• _EXERCISE INPUTS_:
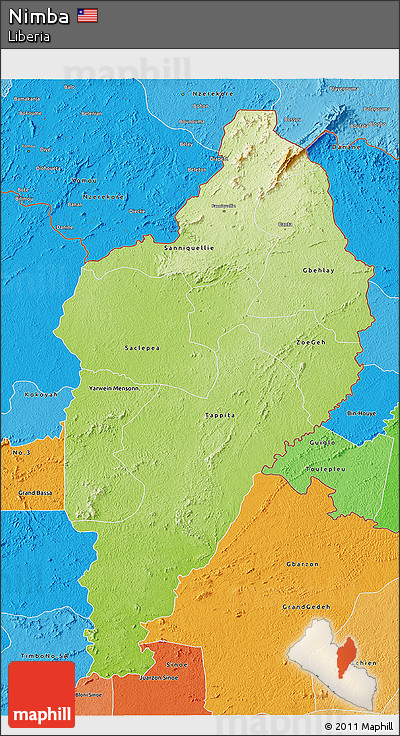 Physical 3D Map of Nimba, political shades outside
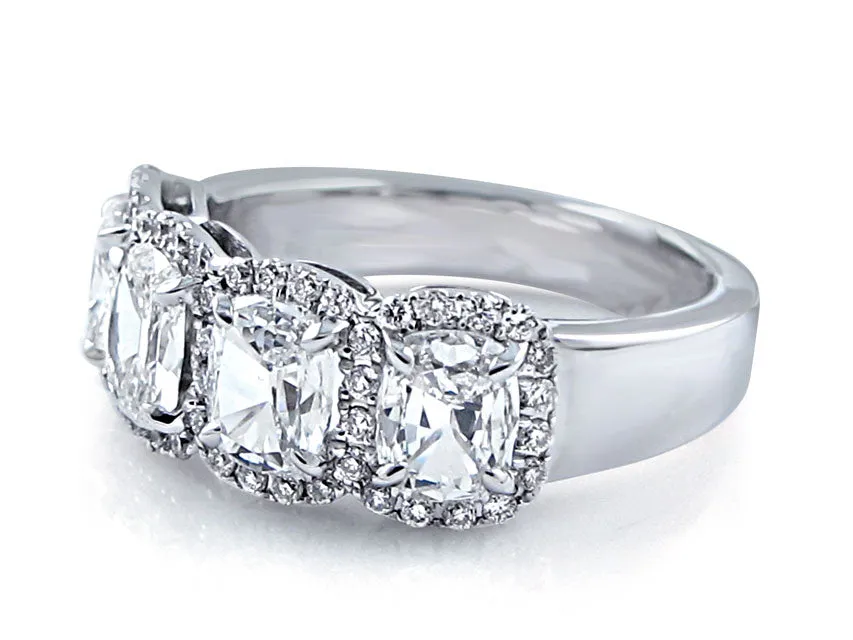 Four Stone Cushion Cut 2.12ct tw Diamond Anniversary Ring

...

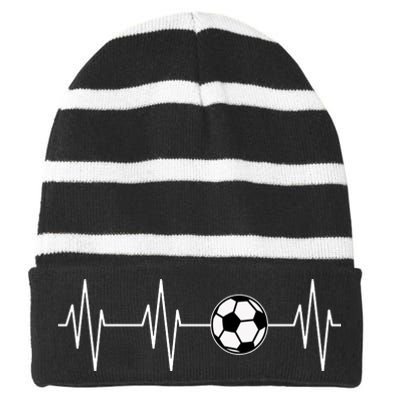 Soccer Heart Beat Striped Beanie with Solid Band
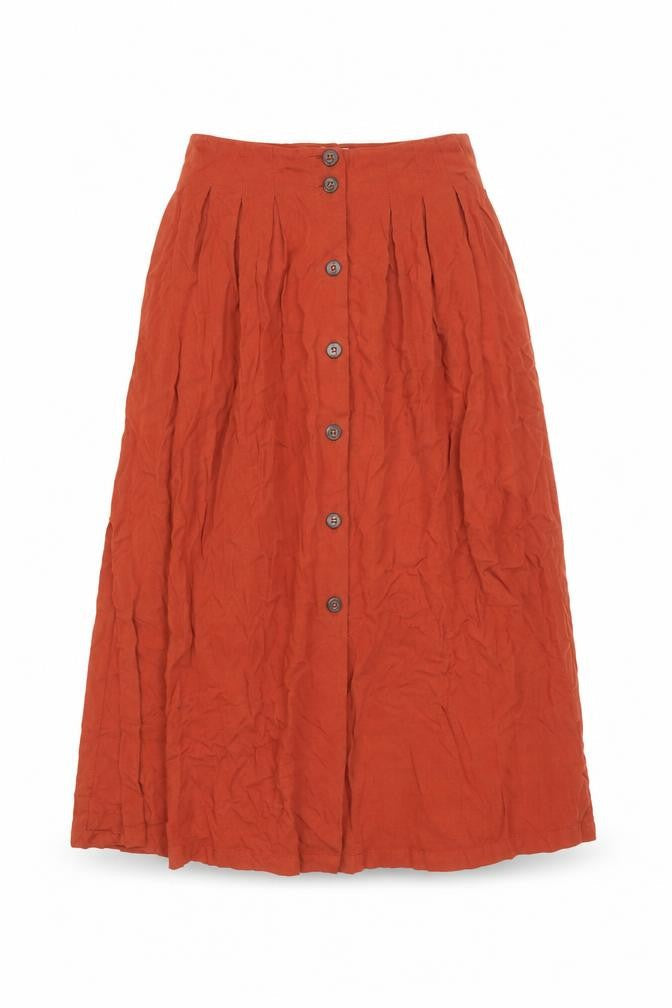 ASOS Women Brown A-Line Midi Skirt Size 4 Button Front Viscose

* * *

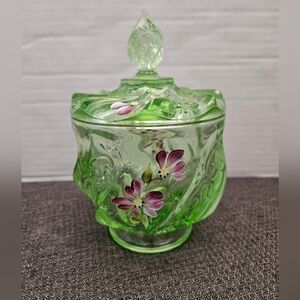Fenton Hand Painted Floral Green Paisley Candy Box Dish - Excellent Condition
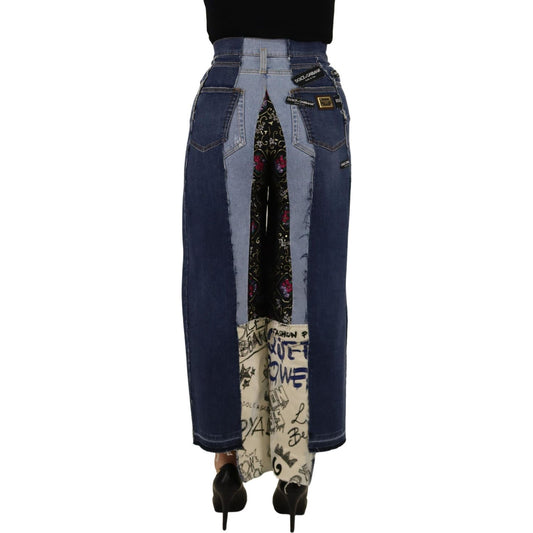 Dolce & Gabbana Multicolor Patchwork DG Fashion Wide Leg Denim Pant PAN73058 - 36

• _WORK ITEM_: In the listing above, find the line with "Fenton Hand Painted" and output it and every line after it up to and including the line with "Dolce & Gabbana", exactly, minus the pictures.

• _OUTPUT FOR THIS EXERCISE_:
Fenton Hand Painted Floral Green Paisley Candy Box Dish - Excellent Condition
 Dolce & Gabbana Multicolor Patchwork DG Fashion Wide Leg Denim Pant PAN73058 - 36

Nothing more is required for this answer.